Такой же пример, но относящийся к рассуждениям не рассказчика, а героя (или рассказчика и героя):

«Для начала он [Октавиан] хочет увидеть ее, царицу, хочет созерцать ее несчастье.

Увидеть эту женщину, чье тело познал и оплодотворил его отец — отец волей собственного слова, который сделал его, Октавиана, тем, кто он есть сейчас, просто начертав грифелем пару строк на недолговечном воске.

Он хочет насладиться зрелищем этой побежденной плоти, которую когда-то (в лучшую пору ее юности) любил тот же самый человек, что проник и в его, Октавиана, тело — тело мальчишки двенадцати-тринадцати лет.

Хочет подарить себе возможность созерцать ее страдание, раны, которыми царица покрыла свое лицо и грудь, когда видела, как умирает тот, кого она сделала своим супругом, — Антоний.

Антоний, которого природа так зримо наделила всеми качествами великого полководца…»

По ритму проза Фрэн, несомненно, напоминает нерифмованные стихи Кавафиса с их длинными фразами и анжамбеманом почти в каждой строке.

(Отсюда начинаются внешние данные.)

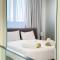 City Napa Seaview Villas - Villa 7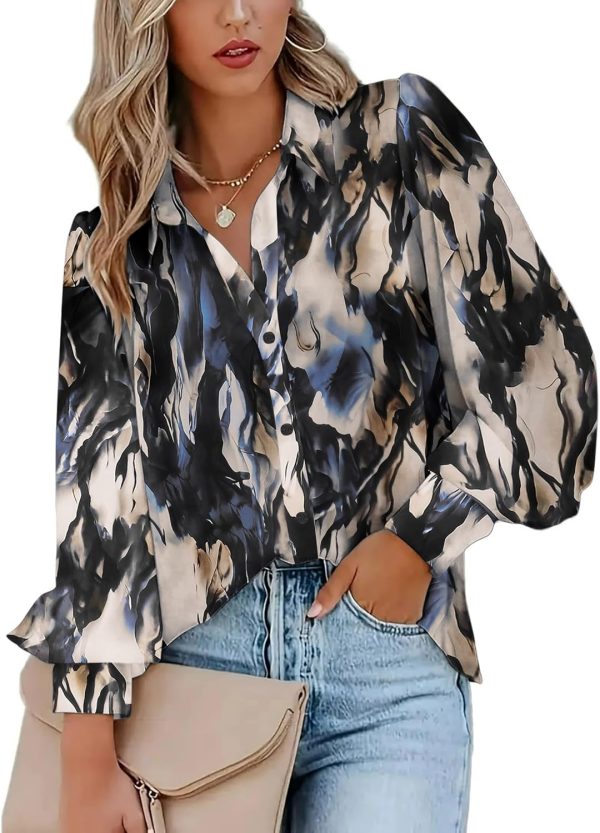 fashion products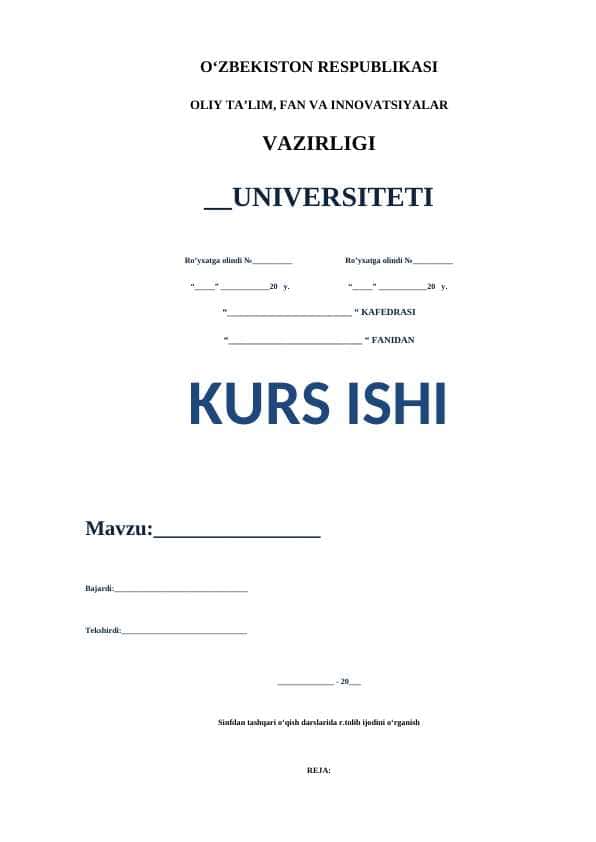 Sinfdan tashqari oʻqish darslarida r.tolib ijodini oʻrganish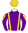 6 - Incorruptibility (13)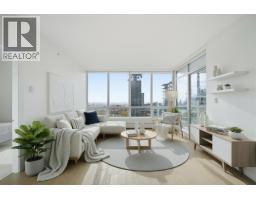 1103 9060 UNIVERSITY CRESCENT, Burnaby, British Columbia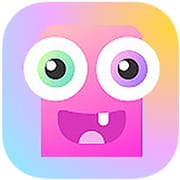 Magic icon changer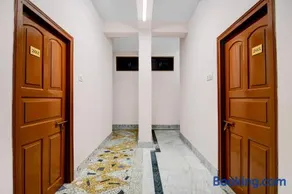 SPOT ON COZY NEST GUEST HOUSE - Image 2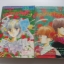 คุณหนูเจ้าขา ชุด 2 เล่มจบ Fujita Kazuko เขียน***สินค้าหมด***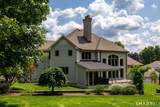 122 Windward Place - Photo 13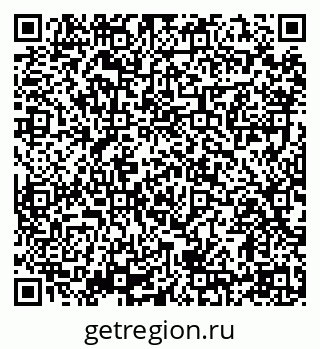 79914389719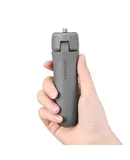 ULANZI MT-10 desktop compact tripod for osmo mobile4/3 mobile action camera microunit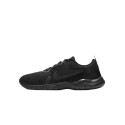 Tenis Nike Hombre Flex Experience Run Color Gris Humo 10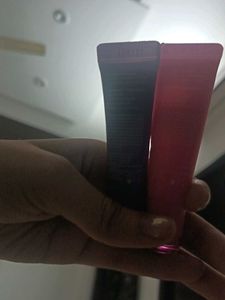 LANEIGE Lip Glowy Balm Set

И все-таки — на чем основывает Ирэн Фрэн свои реконструкции психологии персонажей? На анализе источников, характеризующих массовое сознание той эпохи: некоторых терминов (часть из них мы перечислили выше), слухов и, главное, на понимании того факта, что человек «вливает» свое поведение в определенные готовые формы, характерные для культуры, к которой он принадлежит:

«Когда Клеопатре все рассказали, в какую форму вылилась ее скорбь? Был ли это тот же страх, что охватил сенаторов, — страх, который замораживает жесты и слова и не позволяет даже крикнуть? Или ужас греческих героинь, Андромахи и Электры, которых известие о несчастье поразило как удар молнии? Или стенания Ифигении, Кассандры, Медеи, Алкесты, готовившейся спуститься в могилу? Потеряла ли царица сознание под воздействием шока, выла ли от горя, царапала ли себе щеки и грудь, как делали женщины Александрии, когда смерть отнимала у них мужа или ребенка, ушла ли в себя, в молчание, как те, кто уже давно научился покорно сносить удары судьбы?»

Даже в самые трагические моменты своей жизни Клеопатра, Цезарь, Антоний, Октавиан вольно или невольно играют привычные для себя роли: во время Александрийской войны Цезарь (а потом, в конце своей жизни, и Антоний) видит себя Гектором, обнимающим Андромаху; после убийства Цезаря Клеопатра ощущает себя Исидой («Скорбящая Клеопатра не разыгрывала из себя Исиду, она была Исидой»); Антоний в период душевного кризиса надевает маску философа-мизантропа Тимона Афинского и даже в момент смерти ведет себя в духе героев греческих трагедий. Что касается Октавиана, то он вообще, став принцепсом, до конца придерживался сознательно выбранной им роли (добродетельного римлянина времен расцвета Республики), а умирая, спросил друзей, «как им кажется, хорошо ли он сыграл комедию жизни» (Светоний, Божественный Август, 99).